In some embodiments, the air cleaner further comprises a tab on an outer surface of the corona wire assembly; and a tab receiver on the collection assembly, wherein the electrostatic precipitator cell is assembled by disposing the tab of the corona wire assembly into the tab receiver of the collection assembly.
In some embodiments, the air cleaner further comprises a high voltage power supply; an electrical contact on the corona wire assembly, and an electrostatic precipitator cell receiver including an electrical contact, wherein contact between the electrical contact of the corona wire assembly and the electrical contact on the electrostatic precipitator cell receiver connects the corona wire assembly to the high voltage power supply.
In some embodiments, the air cleaner further comprises a fan operable at different speeds.
In some embodiments, an amplitude of an electrical current is supplied to the corona wire assembly by the high power voltage supply which correlates to the speed of the fan.
In some embodiments, the air cleaner further comprises a high voltage power supply, an electrical contact on the collection assembly, and an electrostatic precipitator cell receiver including an electrical contact, wherein contact between the electrical contact of the collection assembly and the electrical contact on the electrostatic precipitator cell receiver connects the collection assembly to the high voltage power supply.
In alternate embodiments an electrostatic precipitator cell comprising a corona wire assembly and a collection assembly is described. The corona wire assembly comprises a first supporting member including a retaining device, a second supporting member including a retaining device, a corona wire capable of carrying a high voltage disposed between the first supporting member and the second supporting member, and a ground discharge electrode disposed between the first supporting member and the second supporting member. The collection assembly can be positioned downstream of the corona wire assembly, wherein the corona assembly is detachably installed and removed from the electrostatic collection assembly.
In some embodiments, the electrostatic precipitator cell further comprises a tab on an outer surface of the corona wire assembly, and a tab receiver on the collection assembly, wherein the electrostatic precipitator cell is assembled by disposing the tab of the corona wire assembly into the tab receiver of the collection assembly.

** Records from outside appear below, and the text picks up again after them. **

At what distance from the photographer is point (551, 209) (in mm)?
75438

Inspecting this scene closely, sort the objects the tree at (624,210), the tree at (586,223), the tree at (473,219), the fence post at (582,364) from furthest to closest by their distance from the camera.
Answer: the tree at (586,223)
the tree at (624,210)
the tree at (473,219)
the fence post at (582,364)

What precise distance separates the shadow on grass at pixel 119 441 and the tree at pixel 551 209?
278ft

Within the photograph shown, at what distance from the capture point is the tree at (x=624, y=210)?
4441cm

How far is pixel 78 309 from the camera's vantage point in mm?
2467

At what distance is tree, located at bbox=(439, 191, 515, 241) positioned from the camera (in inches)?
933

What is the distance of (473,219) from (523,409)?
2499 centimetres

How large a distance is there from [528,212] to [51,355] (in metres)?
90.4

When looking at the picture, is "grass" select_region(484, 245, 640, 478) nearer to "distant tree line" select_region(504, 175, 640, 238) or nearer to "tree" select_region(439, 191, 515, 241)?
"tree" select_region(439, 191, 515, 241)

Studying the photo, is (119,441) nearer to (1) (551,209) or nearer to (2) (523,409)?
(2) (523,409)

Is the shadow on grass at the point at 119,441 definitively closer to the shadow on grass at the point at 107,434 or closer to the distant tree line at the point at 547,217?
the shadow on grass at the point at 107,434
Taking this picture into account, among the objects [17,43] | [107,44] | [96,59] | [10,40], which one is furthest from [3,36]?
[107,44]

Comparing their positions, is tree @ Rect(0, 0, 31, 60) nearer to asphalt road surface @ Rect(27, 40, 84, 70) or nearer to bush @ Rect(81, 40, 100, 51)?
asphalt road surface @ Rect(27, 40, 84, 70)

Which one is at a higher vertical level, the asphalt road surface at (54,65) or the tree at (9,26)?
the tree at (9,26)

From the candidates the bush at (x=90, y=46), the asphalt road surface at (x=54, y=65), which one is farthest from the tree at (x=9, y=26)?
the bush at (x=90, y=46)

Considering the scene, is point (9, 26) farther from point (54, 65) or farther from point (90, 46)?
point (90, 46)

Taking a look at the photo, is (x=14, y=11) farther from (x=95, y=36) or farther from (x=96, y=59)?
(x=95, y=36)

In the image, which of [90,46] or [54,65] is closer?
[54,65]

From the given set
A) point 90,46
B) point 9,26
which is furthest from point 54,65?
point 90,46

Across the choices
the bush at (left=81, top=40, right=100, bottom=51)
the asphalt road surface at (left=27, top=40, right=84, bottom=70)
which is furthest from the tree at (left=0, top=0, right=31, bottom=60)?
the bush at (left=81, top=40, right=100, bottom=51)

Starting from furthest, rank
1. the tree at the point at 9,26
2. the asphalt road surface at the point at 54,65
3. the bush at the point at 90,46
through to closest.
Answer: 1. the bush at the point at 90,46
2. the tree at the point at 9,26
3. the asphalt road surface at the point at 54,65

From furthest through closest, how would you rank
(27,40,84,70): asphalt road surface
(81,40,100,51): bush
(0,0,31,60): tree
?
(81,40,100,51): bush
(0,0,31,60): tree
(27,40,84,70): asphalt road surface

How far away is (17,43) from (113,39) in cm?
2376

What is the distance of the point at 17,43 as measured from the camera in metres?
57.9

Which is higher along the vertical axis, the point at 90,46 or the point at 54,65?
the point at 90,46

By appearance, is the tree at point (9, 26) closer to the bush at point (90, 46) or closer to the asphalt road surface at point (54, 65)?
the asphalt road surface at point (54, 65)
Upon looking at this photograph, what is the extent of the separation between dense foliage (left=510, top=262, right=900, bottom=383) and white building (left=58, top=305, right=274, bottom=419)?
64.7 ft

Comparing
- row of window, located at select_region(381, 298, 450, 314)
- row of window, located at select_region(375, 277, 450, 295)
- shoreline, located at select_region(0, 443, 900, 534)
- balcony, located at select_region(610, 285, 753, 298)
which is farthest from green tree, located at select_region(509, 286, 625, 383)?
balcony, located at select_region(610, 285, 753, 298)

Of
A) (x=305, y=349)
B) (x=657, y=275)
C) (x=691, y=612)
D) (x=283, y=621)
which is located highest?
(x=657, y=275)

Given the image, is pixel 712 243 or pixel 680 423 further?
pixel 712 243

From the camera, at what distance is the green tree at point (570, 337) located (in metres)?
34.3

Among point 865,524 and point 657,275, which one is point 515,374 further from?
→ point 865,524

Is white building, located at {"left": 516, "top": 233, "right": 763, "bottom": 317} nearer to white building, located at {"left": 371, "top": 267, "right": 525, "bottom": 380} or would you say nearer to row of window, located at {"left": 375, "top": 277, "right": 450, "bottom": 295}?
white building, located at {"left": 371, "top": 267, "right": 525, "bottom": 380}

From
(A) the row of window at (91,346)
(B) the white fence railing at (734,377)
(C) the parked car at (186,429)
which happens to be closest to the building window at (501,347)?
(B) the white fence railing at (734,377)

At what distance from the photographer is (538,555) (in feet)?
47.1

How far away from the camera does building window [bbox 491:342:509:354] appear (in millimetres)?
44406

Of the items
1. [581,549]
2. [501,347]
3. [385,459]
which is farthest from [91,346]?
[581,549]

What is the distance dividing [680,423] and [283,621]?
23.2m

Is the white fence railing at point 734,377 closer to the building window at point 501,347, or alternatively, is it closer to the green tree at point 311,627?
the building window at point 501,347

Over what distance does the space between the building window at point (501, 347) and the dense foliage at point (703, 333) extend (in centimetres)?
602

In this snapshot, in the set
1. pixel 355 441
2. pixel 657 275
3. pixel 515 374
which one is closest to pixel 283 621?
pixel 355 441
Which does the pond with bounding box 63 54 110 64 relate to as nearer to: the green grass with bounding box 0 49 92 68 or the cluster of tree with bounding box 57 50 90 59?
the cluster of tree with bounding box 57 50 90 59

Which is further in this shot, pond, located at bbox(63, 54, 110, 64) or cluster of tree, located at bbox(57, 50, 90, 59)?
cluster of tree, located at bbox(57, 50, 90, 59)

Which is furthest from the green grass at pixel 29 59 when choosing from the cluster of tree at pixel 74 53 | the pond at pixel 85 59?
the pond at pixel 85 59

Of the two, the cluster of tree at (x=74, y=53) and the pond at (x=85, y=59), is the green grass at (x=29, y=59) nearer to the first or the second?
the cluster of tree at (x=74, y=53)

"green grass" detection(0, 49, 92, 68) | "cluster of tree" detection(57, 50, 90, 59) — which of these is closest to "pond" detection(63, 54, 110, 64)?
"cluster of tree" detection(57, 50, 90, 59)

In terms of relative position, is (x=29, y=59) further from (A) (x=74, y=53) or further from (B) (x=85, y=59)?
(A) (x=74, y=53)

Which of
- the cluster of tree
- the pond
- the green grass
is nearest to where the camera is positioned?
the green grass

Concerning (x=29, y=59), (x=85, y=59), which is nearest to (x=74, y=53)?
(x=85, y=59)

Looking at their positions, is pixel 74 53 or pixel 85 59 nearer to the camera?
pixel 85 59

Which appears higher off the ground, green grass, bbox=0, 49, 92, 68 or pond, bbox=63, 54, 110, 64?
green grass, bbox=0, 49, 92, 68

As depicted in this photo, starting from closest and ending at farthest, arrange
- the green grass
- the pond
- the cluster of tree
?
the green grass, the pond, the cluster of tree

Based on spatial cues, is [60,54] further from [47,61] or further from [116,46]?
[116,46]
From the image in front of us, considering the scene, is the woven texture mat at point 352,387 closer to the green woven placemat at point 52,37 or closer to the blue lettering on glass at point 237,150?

In some embodiments, the electrostatic precipitator cell further comprises an electrical contact on the corona wire assembly, and an electrical contact on an electrostatic precipitator cell receiver, wherein contact between the electrical contact of the corona wire assembly and the electrical contact on the electrostatic precipitator cell receiver connects the corona wire assembly to a high voltage power supply.
In some embodiments, the electrostatic precipitator cell further comprises an electrical contact on the collection assembly, and an electrical contact on the electrostatic precipitator cell receiver, wherein contact between the electrical contact of the collection assembly and the electrical contact on the electrostatic precipitator cell receiver connects the collection assembly to a high voltage power supply.
In alternate embodiments, a process of replacing a corona wire assembly is described. The process comprises providing a corona wire assembly, wherein the corona wire assembly comprises, a first supporting member including a retaining device, a second supporting member including a retaining device, a corona wire capable of carrying a high voltage disposed between the first supporting member and the second supporting member, a ground discharge electrode disposed between the first supporting member and the second supporting member, and separately installing or removing the corona wire assembly from an electrostatic precipitator.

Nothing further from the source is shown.